Rep. Schiff says Trump will be 'forced' to release Democratic countermemo

WASHINGTON — The top Democrat on the House Intelligence Committee, Rep. Adam Schiff of California, predicted Friday that the public will get to read his side’s rebuttal to a disputed Republican memo alleging dire surveillance abuses in the FBI’s probe into Russian meddling in the 2016 election. On a conference call with reporters, Schiff also disputed key points of the GOP document, which he described as an effort to protect President Trump.

The California lawmaker’s remarks came as he promised to make a fresh push to have Congress approve the release of the Democratic counterpoint to a memo crafted by Republican Intelligence Committee Chairman Devin Nunes, also of California, and approved for publication by the White House.

“I think they’re going to be forced to release it,” Schiff said, referring to the Democratic response. By law, a majority of committee members would have to vote to make it public, after which the president would have five days to approve or block such a move.

“It will have to go to the White House. And the president, in theory, could veto its release, in which case the House would have to override that veto,” he said. “I think the president would be hard-pressed to try to suppress this memo, particularly since they claim they’re releasing the GOP memo in the interest of transparency.”

Republican House Speaker Paul Ryan has come out in favor of making public the Democratic document once it has undergone a review by the Justice Department and intelligence officials in order to scrub it of sensitive secrets.

“I would expect that our memo is likely to be redacted,” Schiff said. “We do want to make sure that we protect sources and methods.”

Rep. Adam Schiff
Rep. Adam Schiff, D- Calif., ranking member of the House Intelligence Committee. (Photo: Matt Rourke/AP)
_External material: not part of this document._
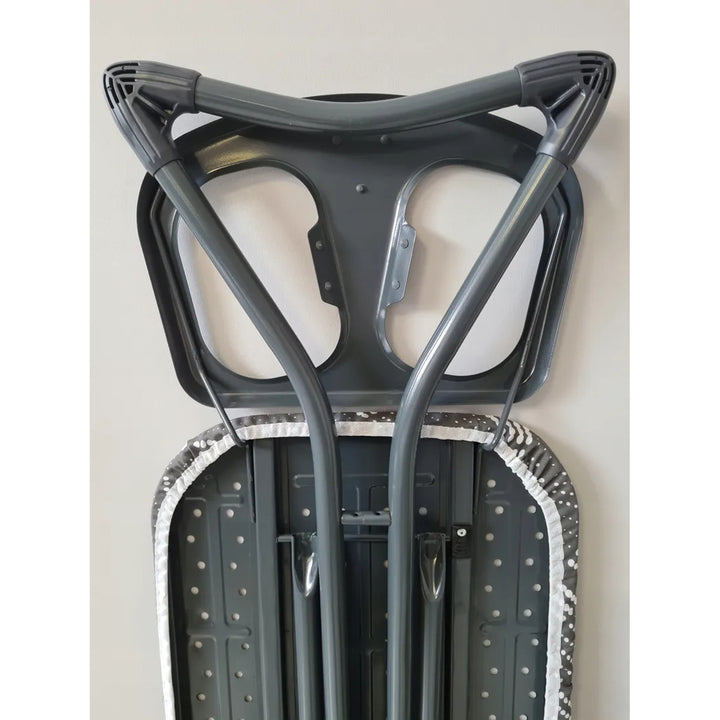 Promis ironing board, large and stable, 8-step height adjustment, leg lock, PKD80 Comfort Plus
He was speaking after Trump approved the release of the four-page Nunes memo, which contends that the FBI relied on a Democratic-funded opposition research dossier on Trump as well as news reporting by Yahoo News Chief Investigative Correspondent Michael Isikoff in order to obtain a warrant to spy on one of the future president’s associates, Carter Page. The GOP document also charges that the FBI concealed the political motivation behind the dossier’s creation.
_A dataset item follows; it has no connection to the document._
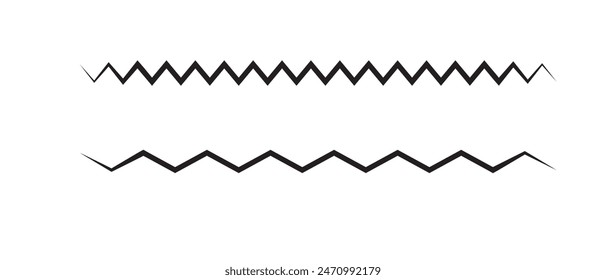 zigzag lines pattern on black. Wave line ,wavy pattern and squiggly horizontal curvy lines. Abstract style zigzag lines. Vector illustration.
“I think it’s a disgrace. What’s going on in this country, I think it’s a disgrace,” Trump told reporters in the Oval Office on Friday.

But the Nunes memo also confirms that the dossier, put together by former British spy Christopher Steele, was not what sparked the FBI’s overall investigation into alleged Russian interference in the 2016 election and the Trump campaign’s possible role. Instead, the probe began after the FBI became aware of contacts between a Trump campaign foreign policy adviser and Russia in 2016.

Democrats have said that their 10-page rebuttal will show that Nunes “cherry-picked” information and mischaracterized evidence. They have also charged that the memo is designed to undermine the Russia investigation by special counsel Robert Mueller, and potentially lay the groundwork for the president to fire Deputy Attorney General Rod Rosenstein, who appointed the former FBI director to the job.

Asked whether he has confidence in Rosenstein, Trump replied: “You figure that one out.”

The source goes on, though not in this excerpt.